Assurer un bateau de pêche et assurer un navire de charge présentent des défis différents. Pourtant, les risques présents en assurance maritime ont quelques similitudes d’une catégorie à l’autre.

Comment l’expliquer ? David Fortin, courtier en assurance des entreprises et au développement des affaires pour le secteur maritime à Aon, a présenté les raisons au Portail de l’assurance. L’assurance maritime est un monde en soi, dit ce diplômé de l’Institut maritime qui travaillait dans des bureaux de conception navale avant d’arriver en assurance, où il met maintenant à profit son expertise du domaine maritime.
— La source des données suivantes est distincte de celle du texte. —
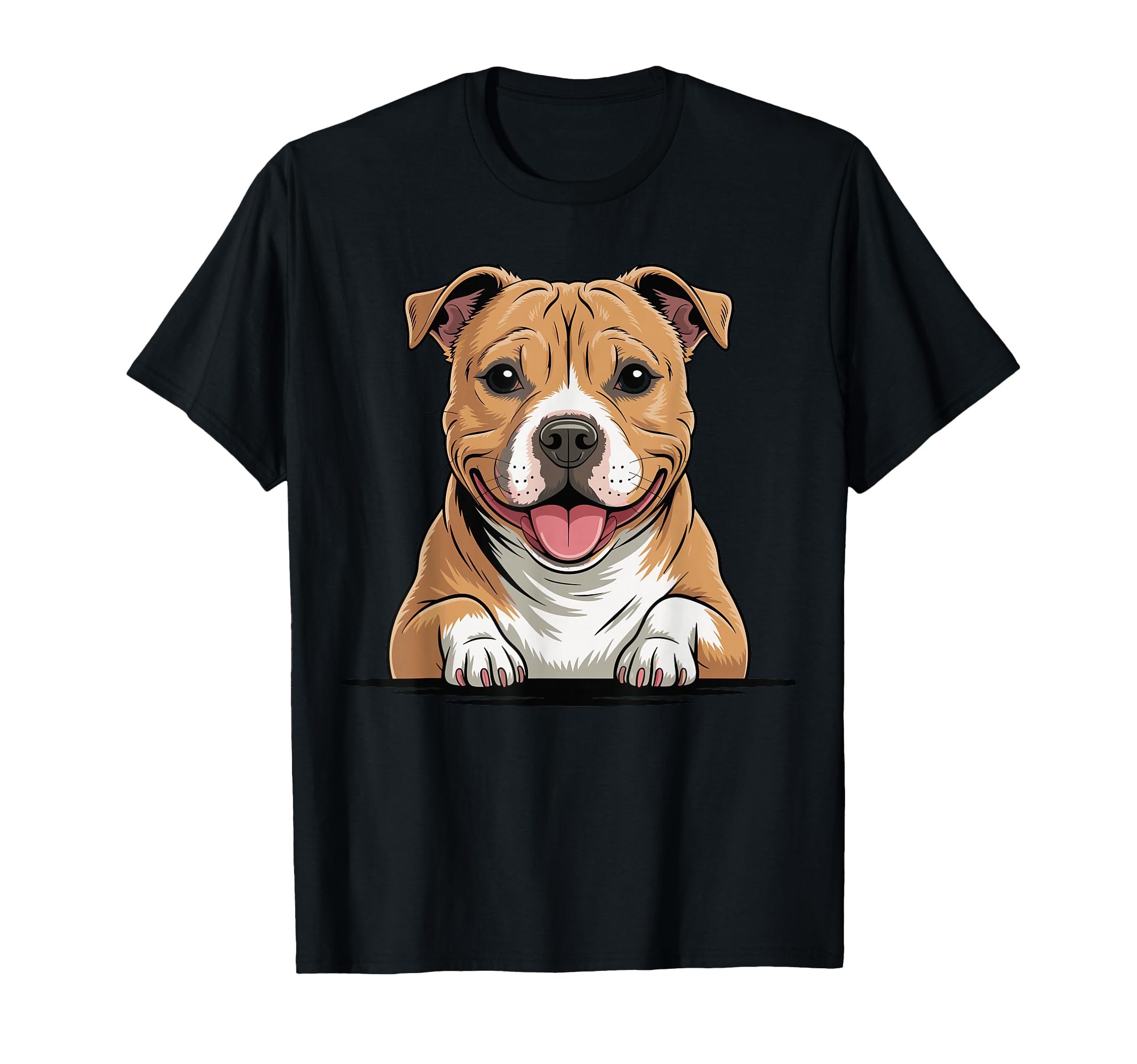 Artistic Staffy Nanny Dog Staffordshire T-Shirt - Novelty Apparel Unisex - T-Shirt, Sweatshirt, Hoodie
Quand on pense à l’assurance maritime, on pense avant tout à ce qui est visible, dit M. Fortin, soit tout ce qui a trait au transport de marchandises. Il y a toutefois toute une chaine de services qui tourne autour du transport, dit-il, allant de l’ingénierie aux chantiers qui font l’entretien et la réparation de ces navires.

Vient ensuite l’industrie de la pêche, qui a une incidence notable sur le produit intérieur brut, fait remarquer M. Fortin. Ce segment touche tant la capture de poissons et de crustacés que la transformation de ces ressources, sans oublier leur mise en marché.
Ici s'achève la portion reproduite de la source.